Whether it was from little character
driven bits of comedy or the return of a character altogether,
“Garden Party” did find some moments to shine. Kevin’s toupee
making a reappearance was a nice touch, and silencing the waiter’s
protests as he wolfed down hor d’oeuvres was such a “Kevin” thing
to do you couldn’t help but laugh. Ryan’s toast to the troops -all
the troops- was another moment that seemed right of out of the
character’s playbook, recalling what an odd little hipster the once
temp has become in the past few seasons. It was also good to see Jim
and Dwight back to their old dynamic, instead of acting so chummy as
they did in the last episode. A good prank goes a long way, and
Jim’s(or James Trickington’s) fake guide to garden parties did just
that, producing a ton of material from the one setup. Mike Schur
taking a break from working on Parks and Recreation to reprise
his role as the even odder of the two Schrutes, Mose, was another
highlight, especially his quite literal car jumping. The episode
also found humor in a rather unexpected source, with a character who
had been having about as much material written for him as one of the
office plants.

Gabe finally made his presence known in
this episode and showed there was a reason for keeping the character
around despite Jo ordering him back to Florida at the end of last
season. Since then he’s just been standing in the background and
making us wonder if the writers forgot their own writing. With this
episode though, he was not only getting lines but earning laughs,
most prominently when he perfectly summed up Andy’s unique sense of
style; “I won’t dress like my life is just one long brunch.”
And his comment about wasting time talking to Stanley’s mistress
would have been even funnier if the joke hadn’t just been used during
Dwight’s very vocal welcoming of the guests.
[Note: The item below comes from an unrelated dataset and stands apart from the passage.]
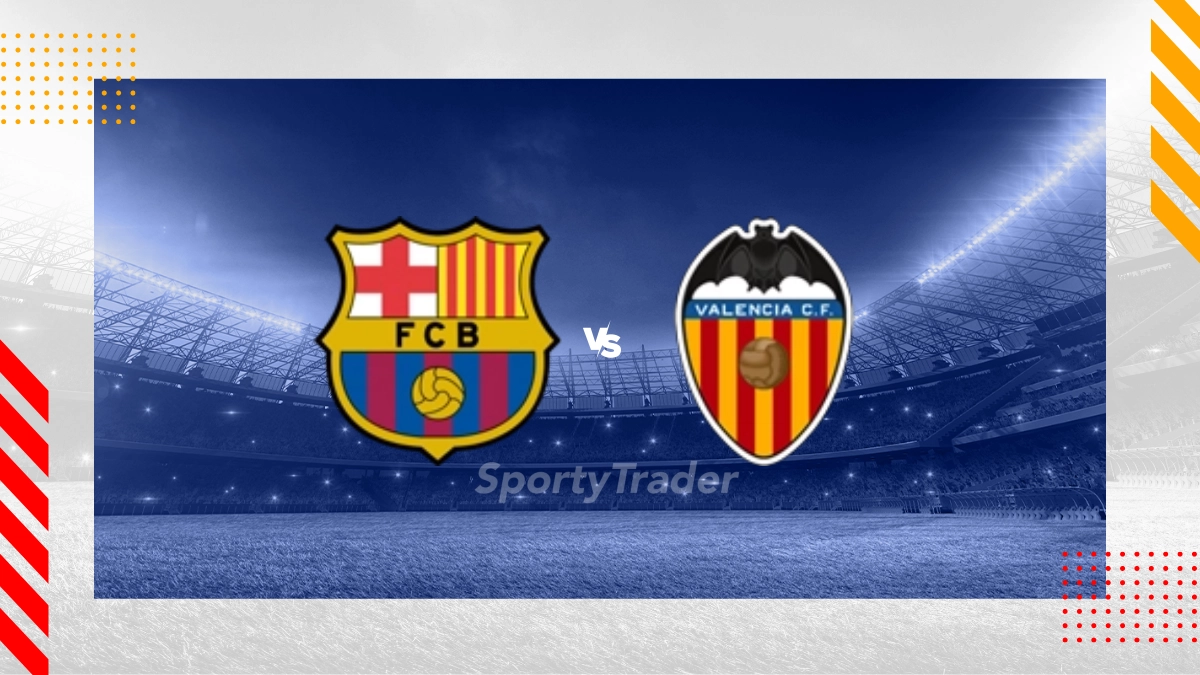 Prognóstico Barcelona vs Valência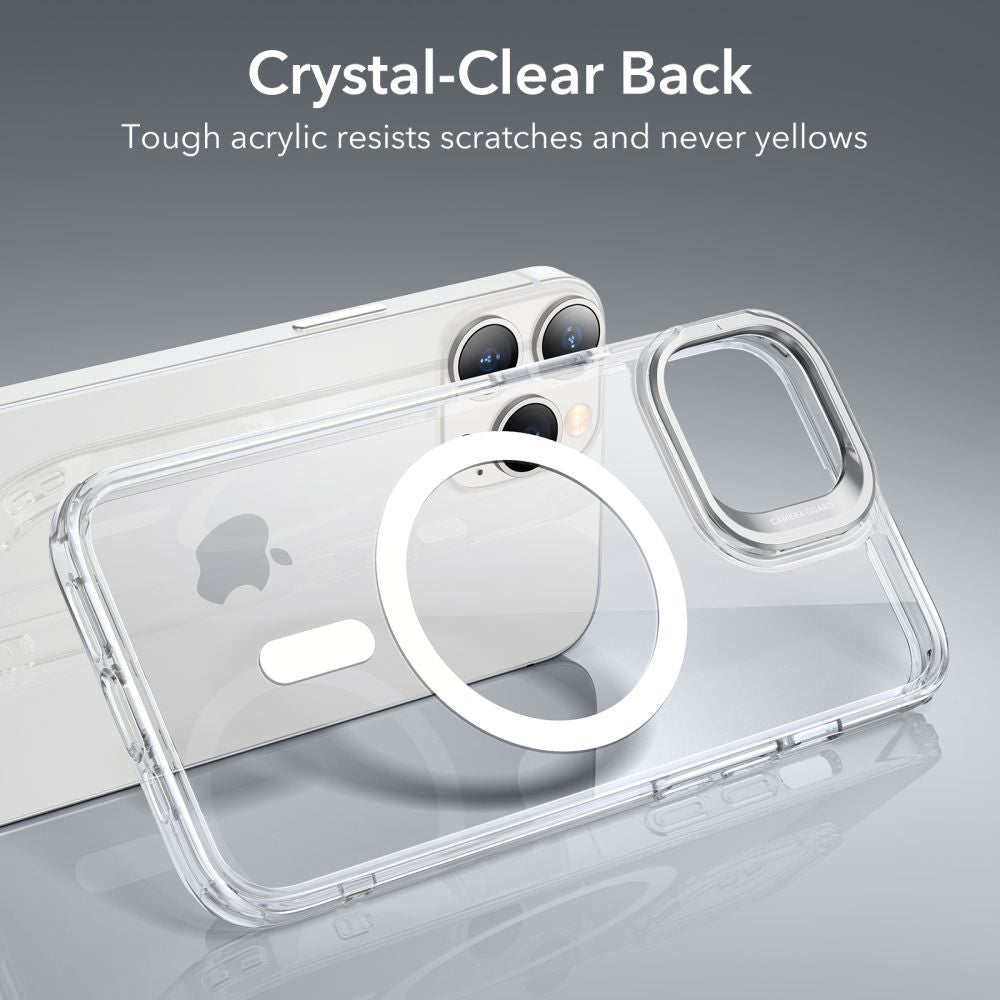 MagSafe tok Apple iPhone 14 Pro-hoz, ESR, Classic Kickstand, Átlátszó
Robert California’s toast just before
the singing kicked off had also come up short in the comedy
department, but he thankfully made up for his flub and actually
garnered the first laughs he’s received since his appearance in the
season seven finale. The marmalade and basil plant incident(Spader
killed it during Robert’s call to Andy) while very odd, managed to
not be outlandish, and felt like just the kind of thing we should
expect from his character. The potential of him getting fooled into
buying some very exotic, very illegal goat meat from Dwight also
created a hilarious moment, as did the randomness of him informing
Ryan he’s become acclimated to Southern Italy.

Though there was actually more good
than bad, what didn’t work was pretty much unbearable and brought
down the episode considerably. If The Office wants to only
create moments that are tolerable, let alone funny, then its best bet
is going to be avoiding awkward humor until they have a better handle
on it, and also avoid running jokes into the ground.